When James Parker’s native squeeze, who he named Africa for some reason (
Akushula Selayah),
 is abducted the old codger becomes incensed with tracking down this 
“White Ape” and killing it, but it wasn’t Tarzan who stole the woman, 
turns out there is a particularly nasty and colourful tribe up on this 
escarpment, and they are the ones who made off with Africa. Now this 
doesn’t mean Tarzan isn’t capable of abducting a woman as that’s exactly
 what he does with Jane mere moments later.
 
 
Standard non-consensual jungle elopement.
Jane
 is able to frighten him off with her gun, but after Tarzan runs away 
she immediately regrets it. It’s not made quite clear if her regret 
stems from the idea of being alone in this dangerous jungle or the fact 
that Tarzan is kind of a nice piece of beefcake. Regardless she 
eventually needs his help when a Burmese python attacks.
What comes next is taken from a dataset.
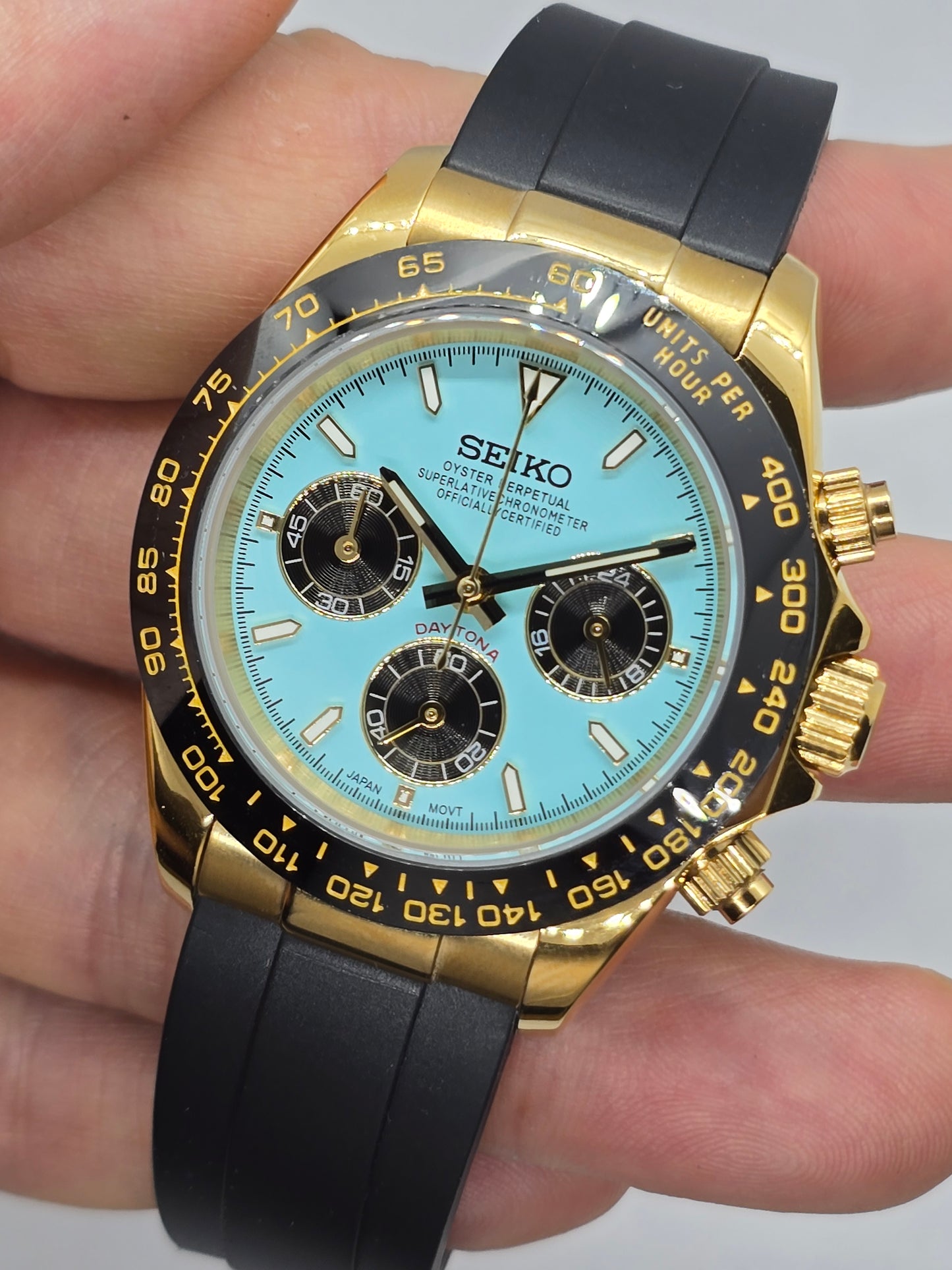 Seiko Mod Daytona Tiffany cronografo oro giallo Vk63 quarzo 40mm lunetta ceramica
Note: This is the magical Africa that is home to Burmese pythons, Orangutans, and Asian elephants.
Tarzan
 leaps to the rescue and we are treated to an incredibly long fight with
 the snake (one that routinely changes from a Burmese python to a 
reticulated python) that isn’t helped by the horrible slow-motion 
photography. Most of the action in this movie is shot in slow-motion 
thus sucking any possible life out of the scenes. The fight with the 
python goes on forever and you can’t even tell what’s going on.
 
 
Shot in Incomprehensible Vision.
Jane
 has to nurse Tarzan back to health after his ordeal of fighting the 
python; this mostly entails her rubbing his chest with a damp cloth, and
 is totally because he’s hurt and not because he has a rocking bod that 
she can’t help but constantly feel up. In her ministrations she is aided
 by a chimp, an orangutan and an elephant.
 
 
Elephants are the jungles answer to 911.
After
 a day of the two young lovers frolicking Jane heads off to find her 
father, it’s good that she could break away from Tarzan’s abs to think 
about the people out there searching for her, but when she finally finds
 Dad and Mr. Holt the jubilation's of the reunion are cut short when 
both James and Harry open fire on Tarzan. This shocks the dimwitted 
Tarzan, who quickly flees back into the jungle, and it’s really bad 
timing as this is when the evil natives that kidnapped Africa attack. 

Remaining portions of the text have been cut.